Vivaldi’s concertos are so familiar that they do need something special to lift a performance. But Andrew Motion’s regretful farewells to his former garden were somewhat tangential to music that is all about activity (and, to be fair, weather).
It sounded routine, despite Nicola Benedetti’s best efforts. She (and the EUCO) did not go for a ‘period’ sound throughout, though it was better, for instance in the second Summer movement, when they did.
But with Bartok-style pizzicatos in the third movement of Autumn, and back-to-warm-Romantic-glow in the Winter fireside slow movement, there was a curious variety of approaches.
The festival’s grand finale on Wednesday was a choral concert, as usual, with French music its theme.
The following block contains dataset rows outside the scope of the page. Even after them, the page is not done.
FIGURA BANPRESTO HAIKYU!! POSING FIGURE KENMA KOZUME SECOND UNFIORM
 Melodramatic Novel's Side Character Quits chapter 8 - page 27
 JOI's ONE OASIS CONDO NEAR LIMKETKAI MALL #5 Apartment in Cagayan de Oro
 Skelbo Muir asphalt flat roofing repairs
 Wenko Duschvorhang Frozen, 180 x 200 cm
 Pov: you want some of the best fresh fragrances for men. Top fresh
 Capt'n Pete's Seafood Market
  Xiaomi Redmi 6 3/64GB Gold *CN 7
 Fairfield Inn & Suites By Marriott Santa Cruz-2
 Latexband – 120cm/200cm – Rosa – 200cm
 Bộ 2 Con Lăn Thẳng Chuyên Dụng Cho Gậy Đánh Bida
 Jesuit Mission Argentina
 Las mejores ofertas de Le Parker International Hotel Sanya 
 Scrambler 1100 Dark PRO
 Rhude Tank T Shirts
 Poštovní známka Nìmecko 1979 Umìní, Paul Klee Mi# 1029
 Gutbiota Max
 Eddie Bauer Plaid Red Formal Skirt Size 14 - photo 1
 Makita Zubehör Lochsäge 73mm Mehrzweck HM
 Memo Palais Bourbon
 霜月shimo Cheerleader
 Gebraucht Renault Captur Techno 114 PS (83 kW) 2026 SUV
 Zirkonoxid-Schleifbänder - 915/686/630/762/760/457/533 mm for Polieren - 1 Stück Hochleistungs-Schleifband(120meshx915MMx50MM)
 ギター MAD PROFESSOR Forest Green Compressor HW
The Festival Chorus – trained by Frances Cooke – sang Chabrier’s Ode A La Musique and Poulenc’s Gloria, with Emma Tring their soprano soloist.
David Hill conducted the performance, with the Orchestra of Opera North, and the choral sound was rich in tone and well varied. The Chabrier’s amiable harmonies showed off the female voices well, and Emma Tring dominated the thicker textures effortlessly. The Poulenc is a fun piece and was sung with enthusiasm and considerable impact, David Hill maintaining impetus even in the more thoughtful moments and drawing out a splendid tutti to match the soaring solo line and the warm blend of the full chorus.
The cathedral organ and its organist, Philip Rushforth, were the stars of the second part, in Poulenc’s organ symphony. The orchestra did themselves great credit here, under David Hill’s direction, with a deal more passion than is often the case in the first movement, and clarity and life overcoming the cathedral acoustic.
The ecclesiastical tones of the cathedral organ contributed subtly to the effect of the slow movement, and although its impact at full power was not as great as a big French-style instrument might be expected to make, the finale actually benefitted from the chance it gave for the orchestra’s role to be fully heard.